But I was stuck. I had agreed with Gerry that they would be released. I went back to him to renegotiate – never a good tactic. In the end, I did something very ‘Tonyish’ and he did something very ‘Gerryish’: I privately assured him we would do it in one year if the conditions allowed, but publicly and officially, it would be two. He agreed, and what’s more, never called in the promise or used it publicly to embarrass me.

So: Irish government OK. UUP OK. SDLP satisfied. Sinn Fein back on board. We had an agreement. I called President Clinton and asked him to phone Gerry Adams to bind them in, which he did. He was a total brick throughout, tracking the negotiation, staying up all night, calling anyone he needed to call, saying anything he needed to say and much more besides, and being supremely on the ball, and typically, with that instant knack of his, getting right to the political nub.

The hours passed as we went back over the detail yet again, filling in the gaps, sorting out the administrative glitches, working at what we would say and to whom.

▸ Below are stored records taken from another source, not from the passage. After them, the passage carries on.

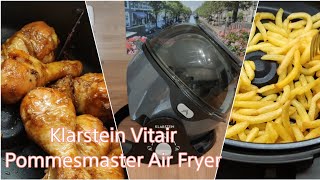 Klarstein Vitair Pommesmaster Air Fryer unbox amp quick Test  Heißluftfritteuse [upl. by Faubion]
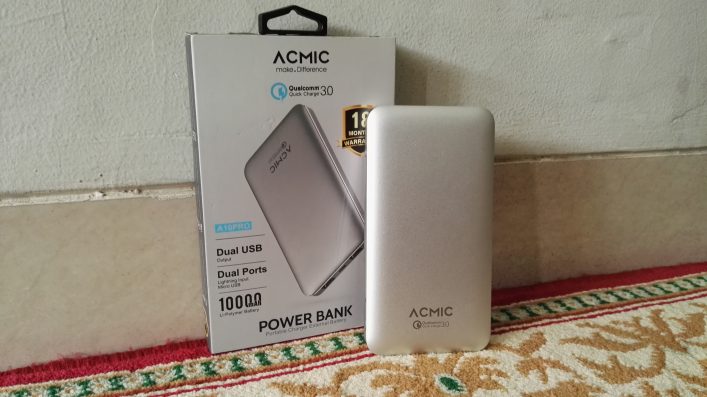 Review Acmic A10 Pro: Andalkan Fitur Qualcomm Quick Charge 3.0 pada Port In dan Out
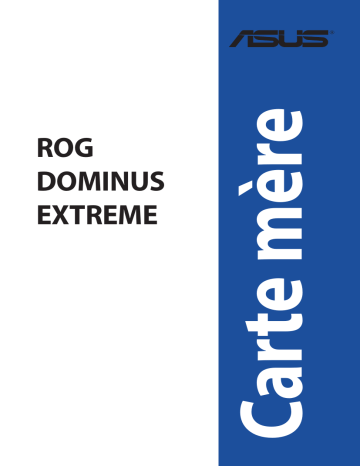 Asus ROG Dominus Extreme Motherboard Manuel utilisateur | Fixfr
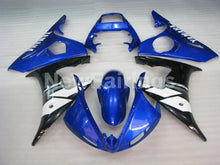 Cargar imagen en el visor de la galería, Blue and Black White Factory Style - YZF-R6 05 Fairing Kit
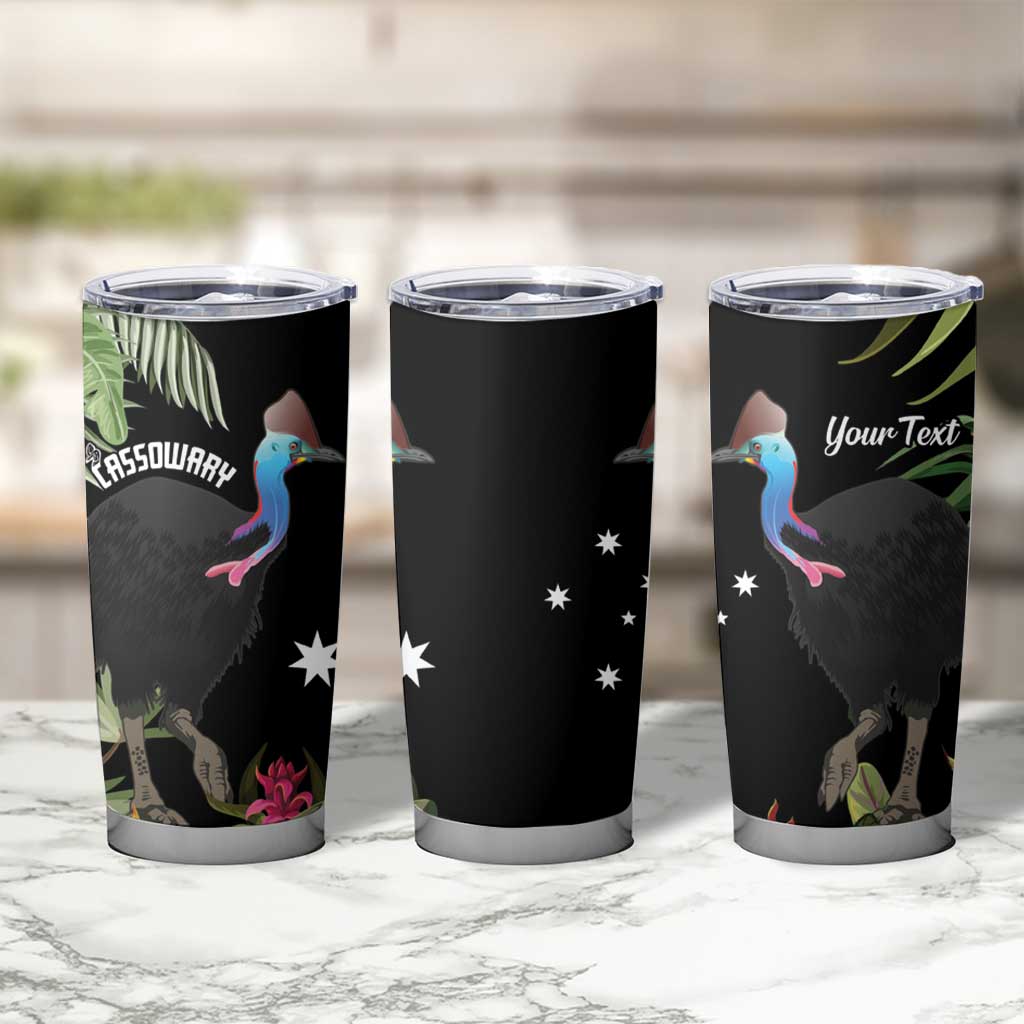Personalised Australia Cassowary Tumbler Cup Dinosaur Bird - Rainforest Vibes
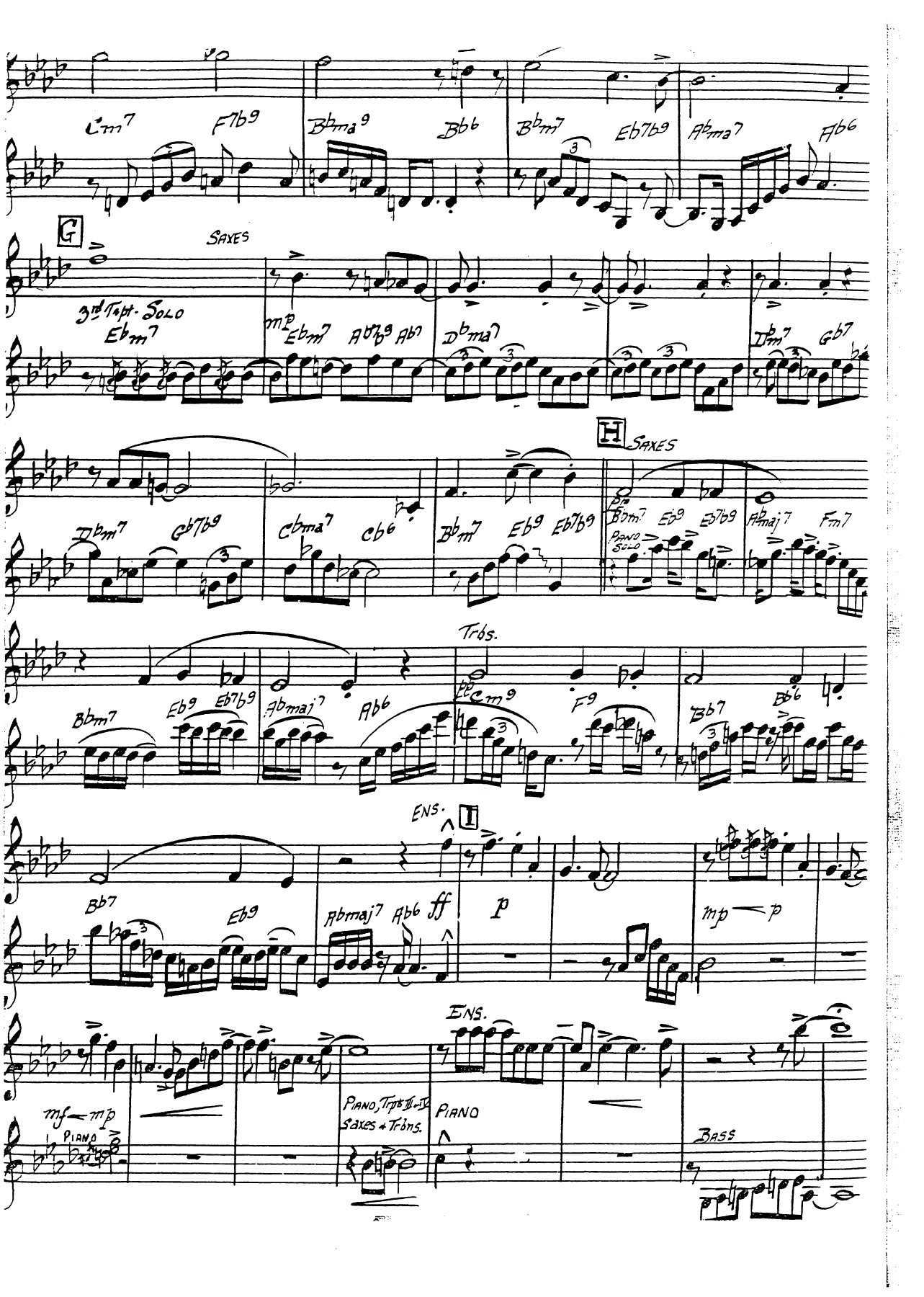 Sassy (E.Wilkins) C.Basie — page 3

It was of course ludicrously optimistic to think we had an agreement. Even though we had carried on through the night, now having been almost forty-eight hours without sleep, the wretched see-saw slipped again in the early hours of Good Friday morning, 10 April 1998. The Irish – still fretting a little over how the North–South part would be received – added a section to that strand, creating two new North–South bodies (thus indicating Ireland would act on a unified basis) in the areas of trade protection and the Irish language.

Now you might think cooperation on these two issues would be relatively uncontentious. In fact the Unionists screeched to a halt. It turned out there was some obscure language called Ullans, a Scottish dialect spoken in some parts of Ulster which was the Unionists’ equivalent of the Irish language. By this time, nothing surprised me. They could have suggested siting the Assembly on Mars and I would have started to draft options.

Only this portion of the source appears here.